Start-up investment booms as AirTree banks biggest Aussie VC fund yet

“There was a big gap in start-up land and VC in Australia when we started out, and really all we are doing is catching up … We are still actually underdone in terms of capital in the market, so there is a big opportunity.

“The lovely thing right now is that the ecosystem is working so well that there are just thousands of entrepreneurs out there bringing us ideas. So our job is not to be futurists, but to stay across those trends and pick them when they emerge.”

Last year Mr Blair told The Australian Financial Review that across its three earlier funds, totalling $585 million investment, its holdings in start-ups had grown to more than $2 billion in value.

Some of its most notable portfolio companies are Canva, GO1, A Cloud Guru and Employment Hero, Milkrun, Linktree, Mr Yum and Immutable.

The $700 million funding will be divided across three different investment vehicles, targeting different styles of start-up investments.

The biggest pot is $450 million for AirTree Growth, which will be used for follow-on funding in existing portfolio companies that are expanding. It has also set aside $200 million for AirTree Seed, which it said would make it the largest seed fund in the country, focusing exclusively on partnering with founders from day one in their first funding rounds.

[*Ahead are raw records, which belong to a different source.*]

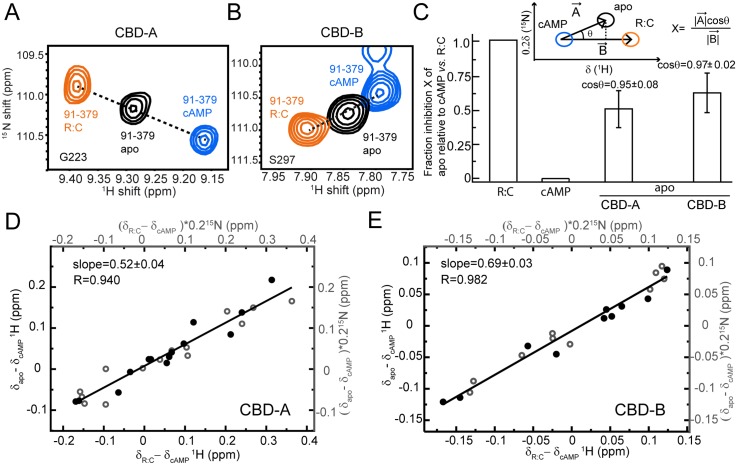 Conformational selection in CBD-A and -B of RIα (91–379). (A, B) Overlay of apo, cAMP2-bound, and C-bound RIα (91–379) for cross-peaks of representative residues sensing the active versus inactive equilibria in CBD-A (A) and CBD-B (B). (C) Fractional inhibition of apo RIα (91–379) (X) relative to cAMP2- and C-bound RIα (91–379), assuming they represent the active and inactive forms of PKA, respectively. The inset illustrates how X was measured using the CHEmical Shift Projection Analysis (CHESPA) method. The bar graph shows the average X values observed for residues in CBD-A and -B exhibiting a linear pattern (|cosθ| > 0.95). (D) Alternative evaluation of the fractional inhibition of apo RIα (91–379) (X) through the slope of the (δapo−δcAMP) versus (δC−δcAMP) plot, where δapo, δcAMP, and δC are the chemical shifts of apo, cAMP2- and C-bound RIα (91–379). Closed and open circles indicate 1H and 15N chemical shifts, respectively. This plot was restricted to CBD-A residues that are sufficiently removed from the cAMP-dependent interfaces (e.g., R:C, R:cAMP and CBD-A:CBD-B) to report primarily on the active versus inactive equilibrium of CBD-A. (E) Similar to panel (D) but for CBD-B.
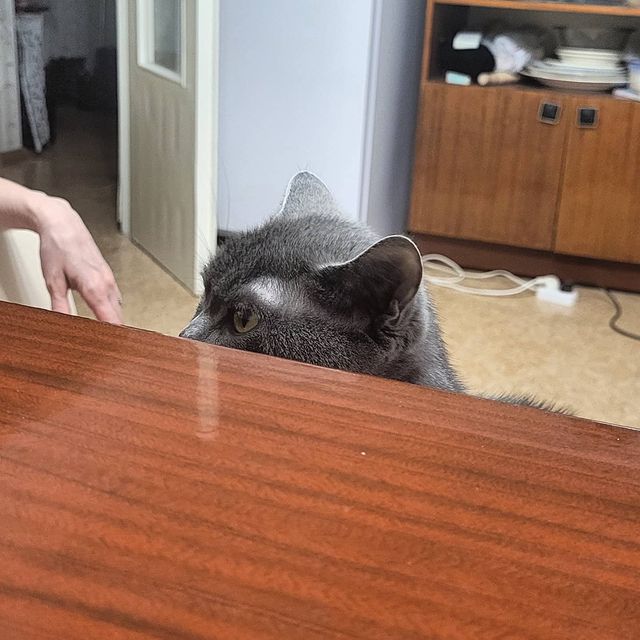 vadim_gvd в LOOKY. #кот,#кошка,#котик. #кот #кошка #котик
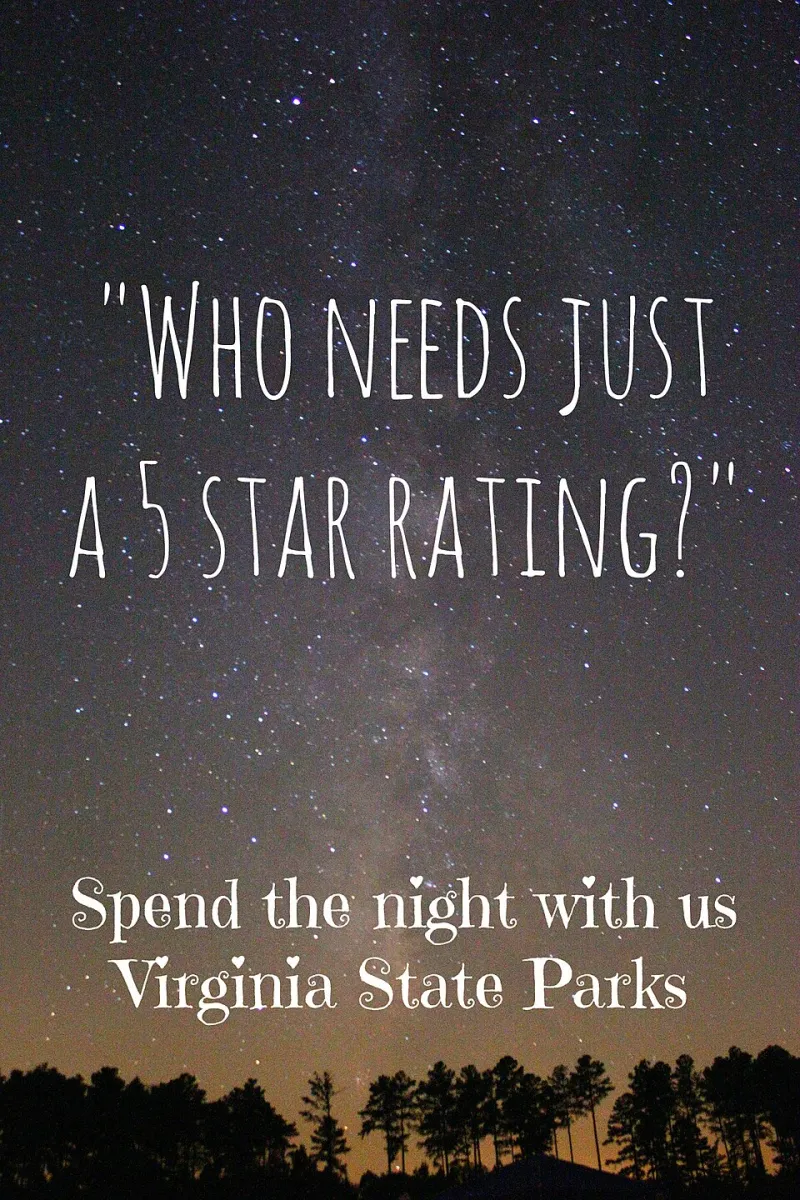 Read the Reviews, Doubt the Stars: A Shopper's Guide to Unmasking Fake Praise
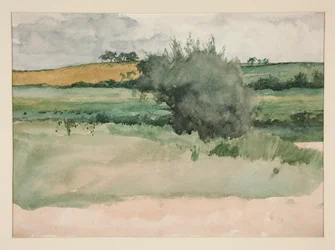 Landschaft - Felder
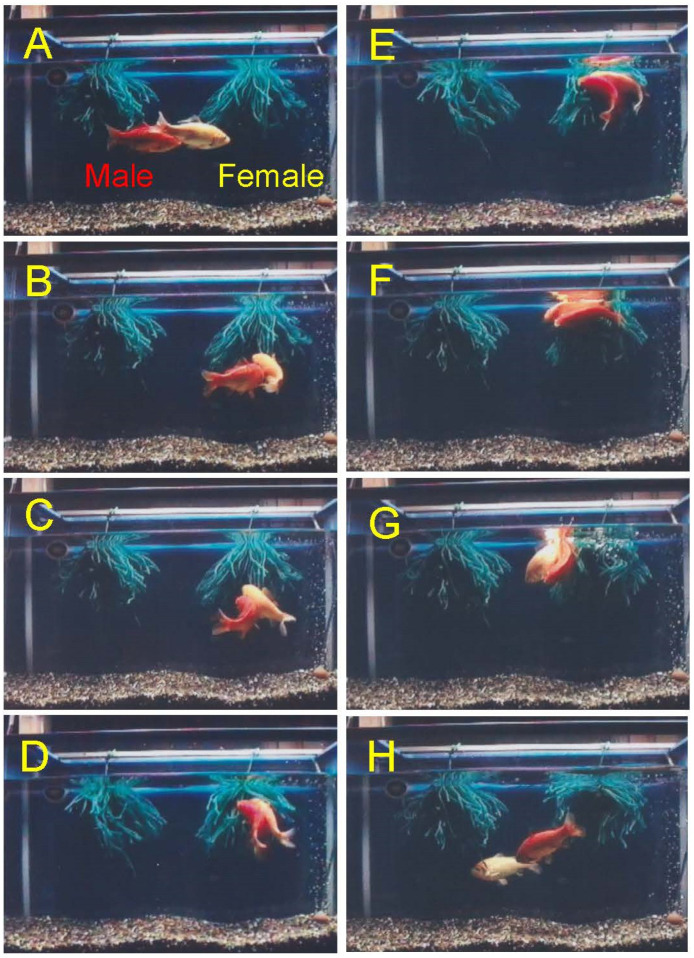 Figure 7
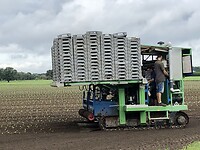 IMG_1718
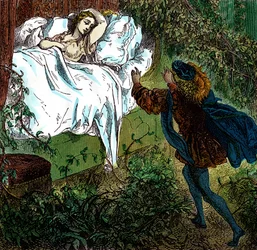 "La Belle au bois dormant" Le prince charmant s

Meanwhile, it has earmarked $50 million for what it says is the first Web3 specific fund created by an Australian VC to close.*

Web3 or Web 3.0 is the latest iteration of the internet, based largely on blockchain technology and featuring operators who promise users they can control and monetise their own data.

AirTree has made five investments in Web3 companies so far, most notably NFT (non-fungible token) trading platform Immutable, and said its $50 million allocation would target DeFi (decentralised finance), NFTs and DAOs (decentralised autonomous organisations.)

“At a fundamental level, investing in disruptive software is our core DNA, so blockchain-based technologies are a logical fit for us,” AirTree partner Elicia McDonald said.

“We’ve made adjustments to our processes as this world is different to the traditional Web2 world. We have to be flexible with ownership levels as the 10-20 per cent standard ownership doesn’t work in a world where the ethos of decentralisation is core.

“In this area in particular it will be important for us to focus on a ‘decades versus days’ mentality; understanding that there will be ups and downs in the crypto markets, and focusing on our longer-term belief in the move towards decentralisation.”

As well as AirTree’s new fund, other leading local tech start-up investment funds are likely to close big new investment rounds during 2022. AirTree’s $700 million fund close is larger than Blackbird Ventures’ $652 million fourth fund and Square Peg Capital’s $600 million fourth fund, but both of those firms are expected to announce new funds, with Street Talk reporting that Blackbird is looking to pull in more than $1 billion.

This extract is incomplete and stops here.